═════ Exercise data ═════

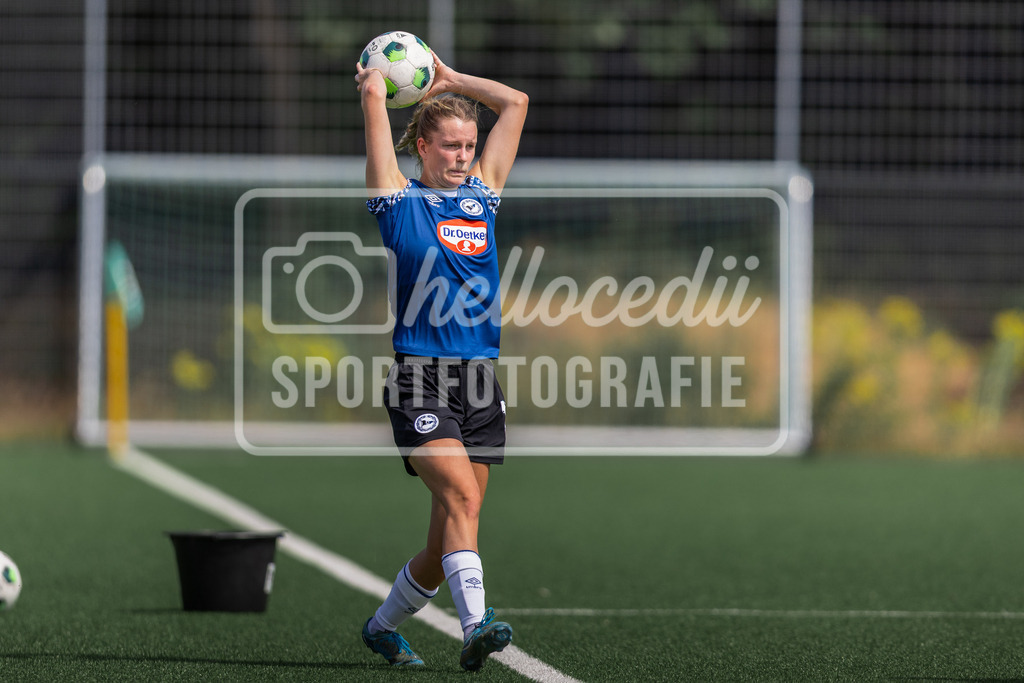 Fußball I Frauen I Freundschaftsspiel I DJK Arminia Ibbenbüren - DSC Arminia Bielefeld I 14904 | realhellocedii - Realisiert mit Pictrs.com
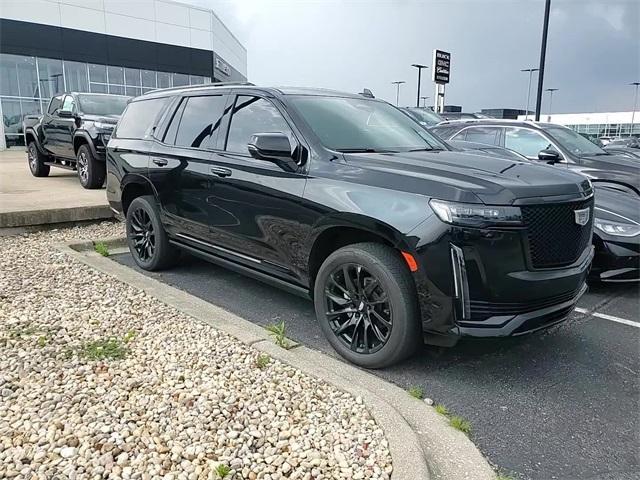 used 2023 Cadillac Escalade car, priced at $77,589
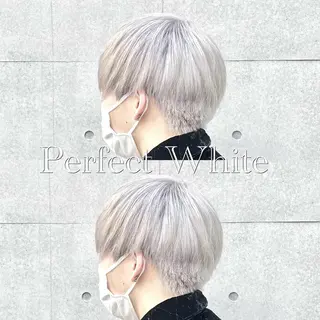 カラー メンズ HIKARI メンズ満足度No.1のヘアスタイル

═════

→ **Task instructions**: Once you find the line with "used 2023 Cadillac", restate it and every later line of the data word for word, excluding the pictures.

→ **Exercise result**:
 used 2023 Cadillac Escalade car, priced at $77,589
 カラー メンズ HIKARI メンズ満足度No.1のヘアスタイル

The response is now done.